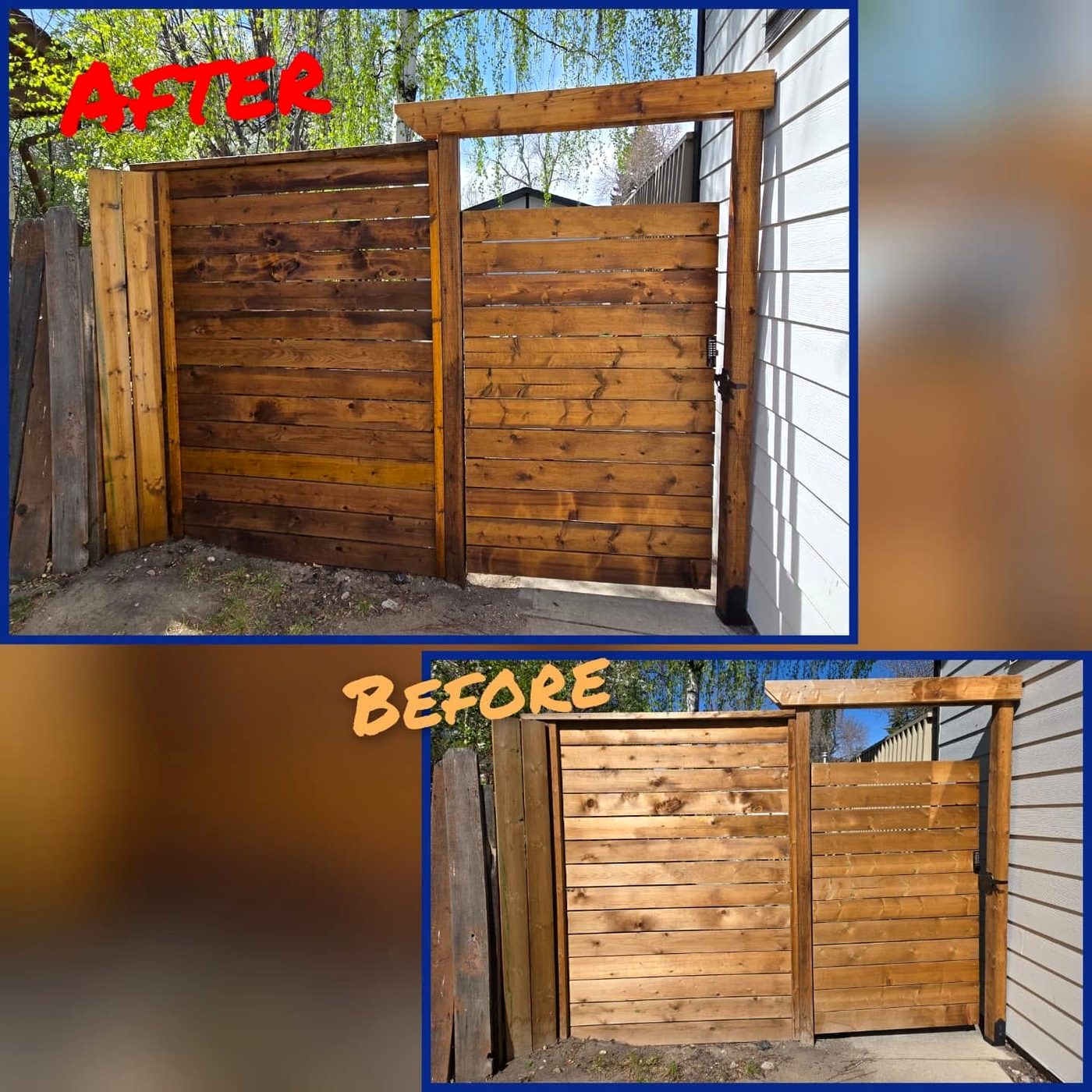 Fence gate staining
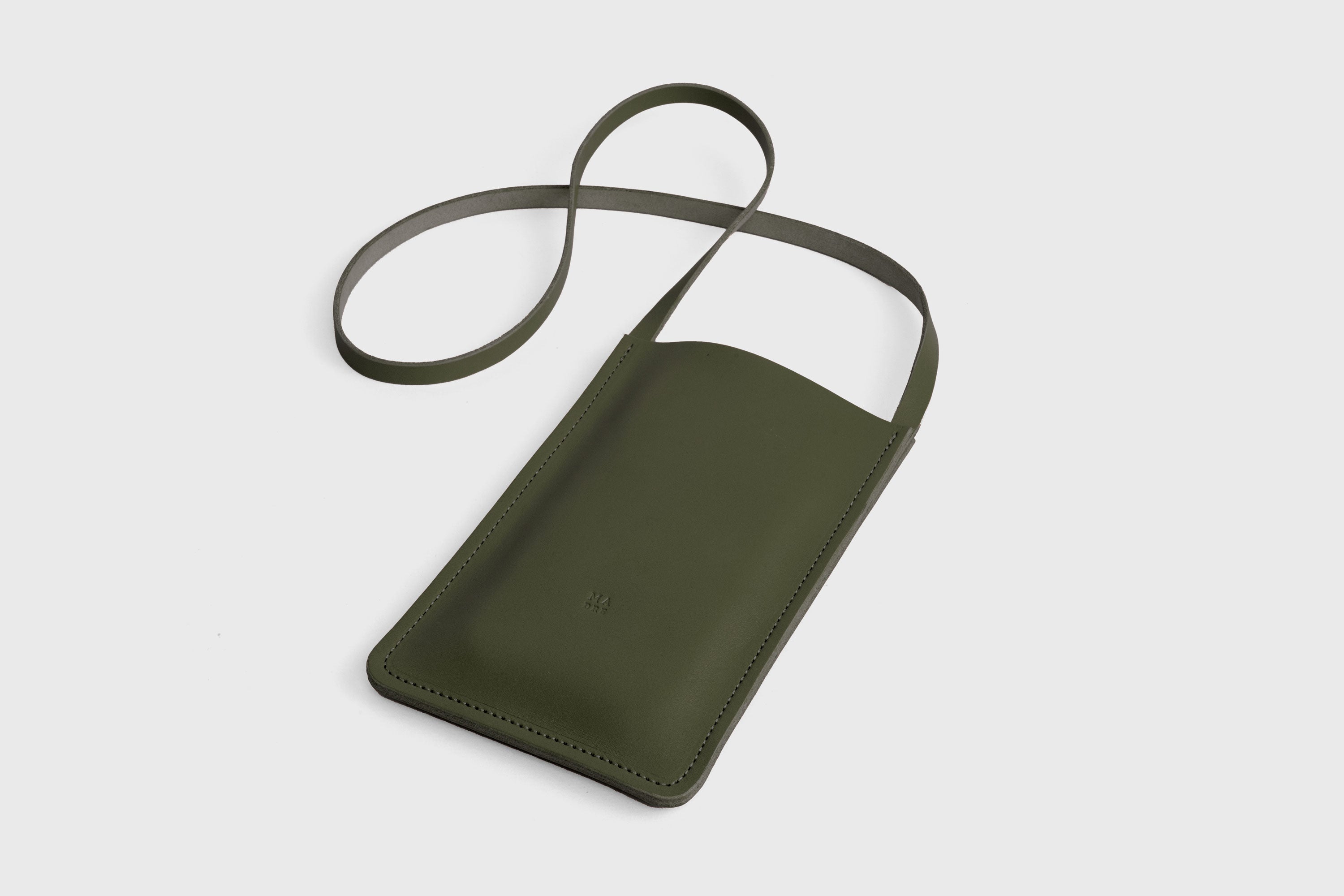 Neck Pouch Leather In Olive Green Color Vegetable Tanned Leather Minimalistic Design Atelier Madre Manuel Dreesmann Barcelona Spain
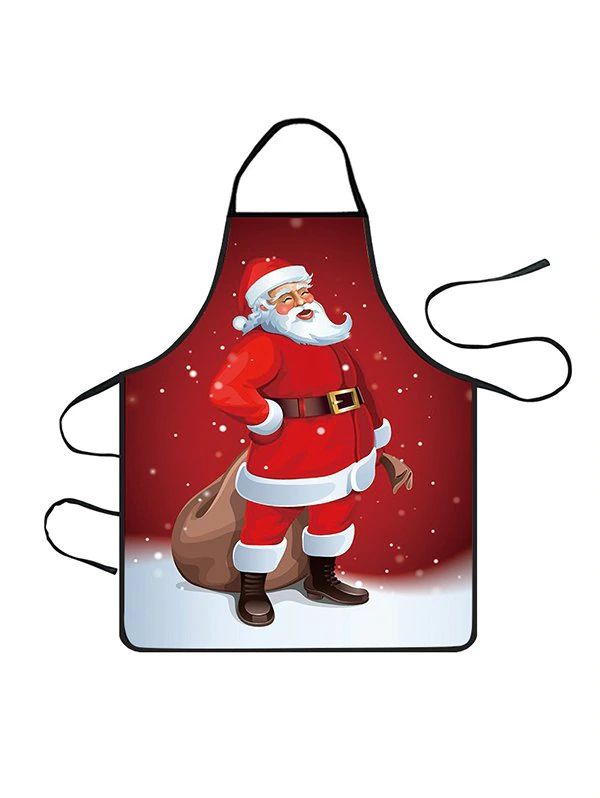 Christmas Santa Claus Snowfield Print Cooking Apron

> _To do_
Where the data contains images, drop them and print the rest exactly.

> _Result below_
 Fence gate staining
 Neck Pouch Leather In Olive Green Color Vegetable Tanned Leather Minimalistic Design Atelier Madre Manuel Dreesmann Barcelona Spain
 Christmas Santa Claus Snowfield Print Cooking Apron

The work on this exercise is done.